• Assigned task: Repeat every line from the line containing "[아트박스]/플라워트리 크리스마스 눈꽃 장식 AA건전지 크리스탈 전구 49cm" to the end of the data, exactly. Leave the pictures out.

• Information supplied:
──────
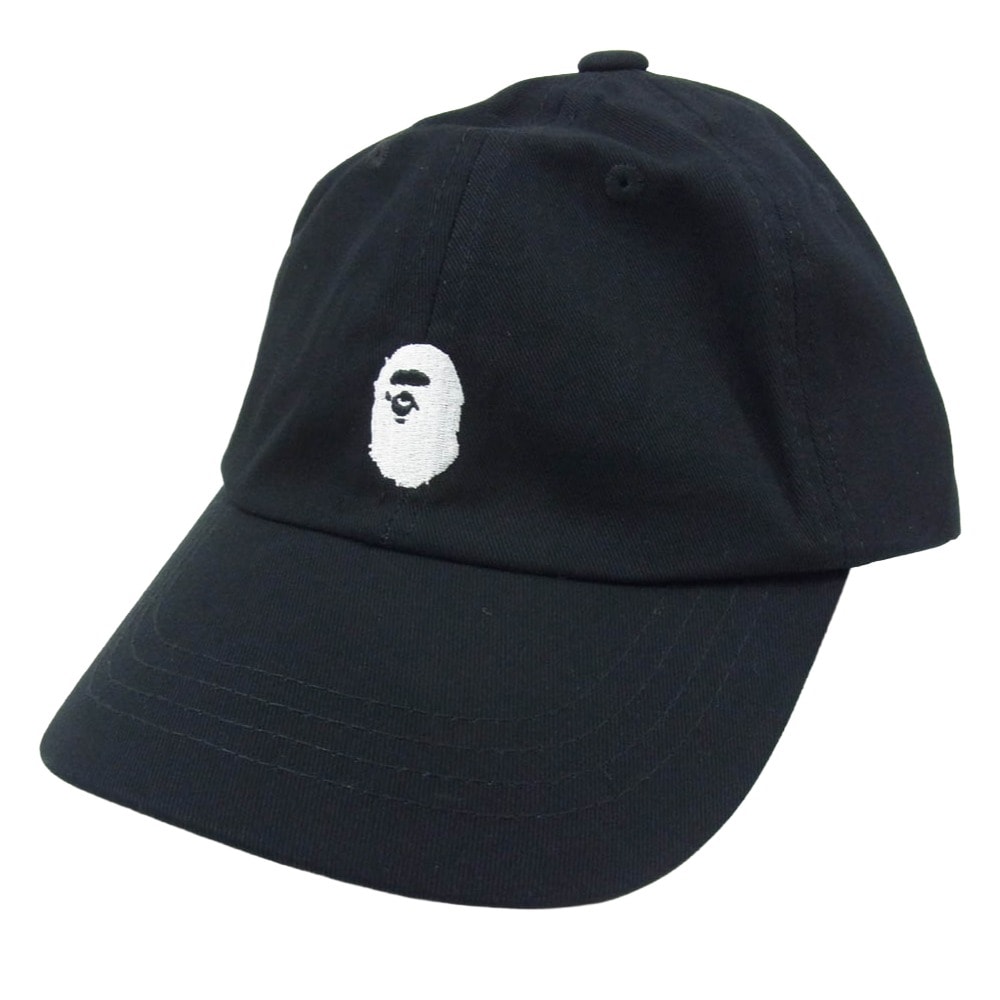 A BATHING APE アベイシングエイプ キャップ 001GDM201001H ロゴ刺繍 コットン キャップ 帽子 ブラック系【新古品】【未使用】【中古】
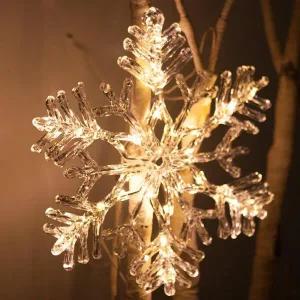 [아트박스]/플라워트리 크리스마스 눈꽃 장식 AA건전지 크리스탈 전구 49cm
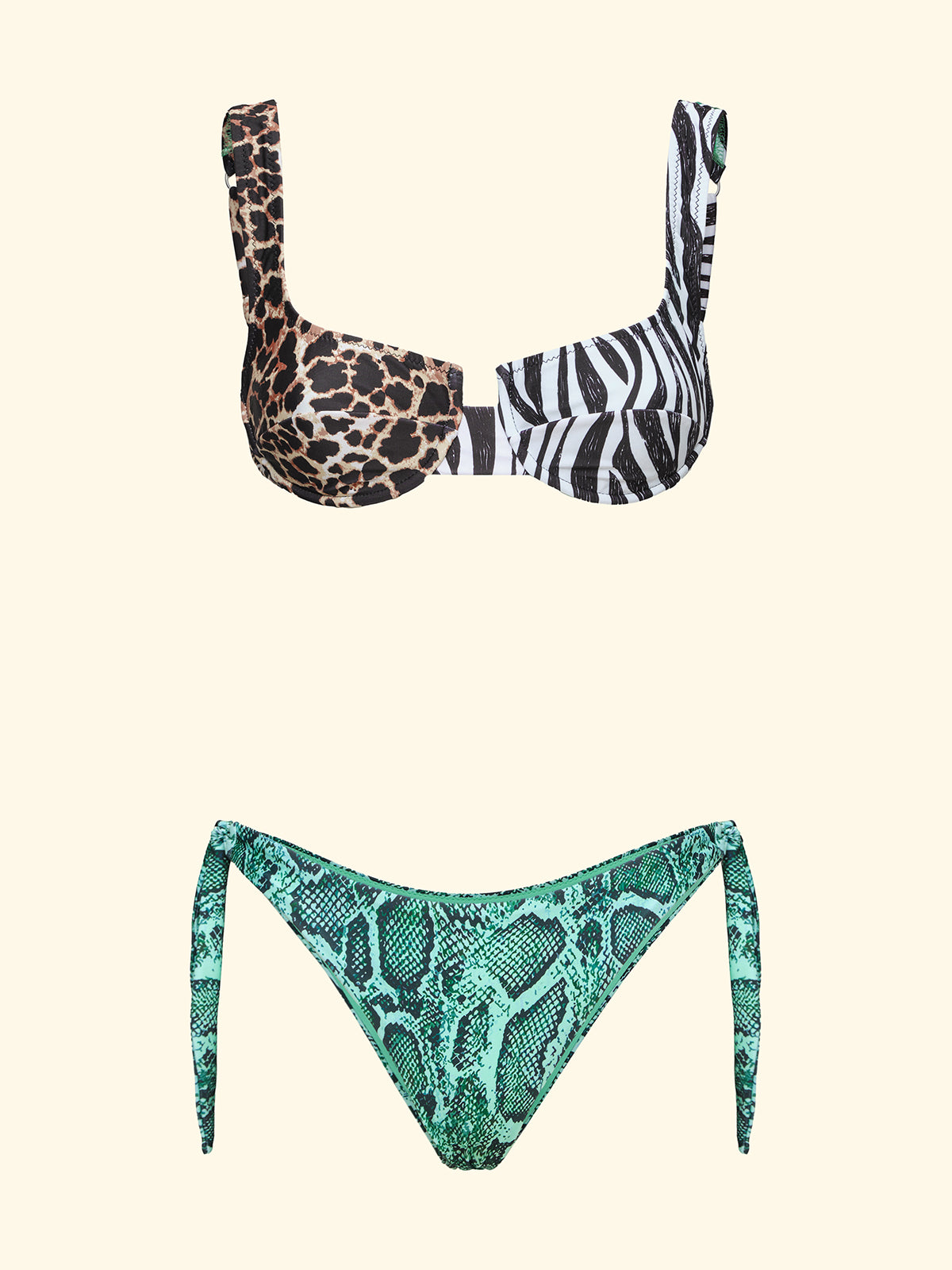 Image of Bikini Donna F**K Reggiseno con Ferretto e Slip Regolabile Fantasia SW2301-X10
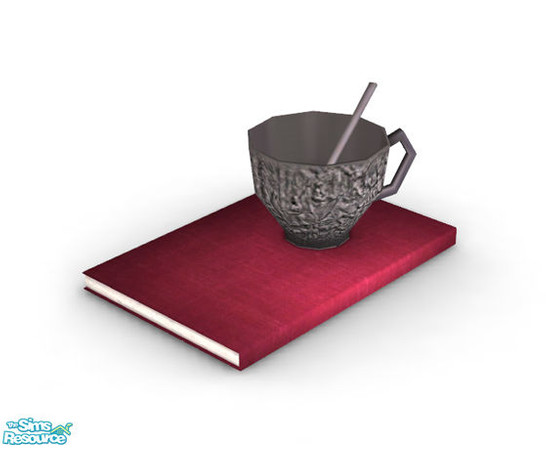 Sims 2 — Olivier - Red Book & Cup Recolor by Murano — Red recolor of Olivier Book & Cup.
──────
• Task response:
 [아트박스]/플라워트리 크리스마스 눈꽃 장식 AA건전지 크리스탈 전구 49cm
 Image of Bikini Donna F**K Reggiseno con Ferretto e Slip Regolabile Fantasia SW2301-X10
 Sims 2 — Olivier - Red Book & Cup Recolor by Murano — Red recolor of Olivier Book & Cup.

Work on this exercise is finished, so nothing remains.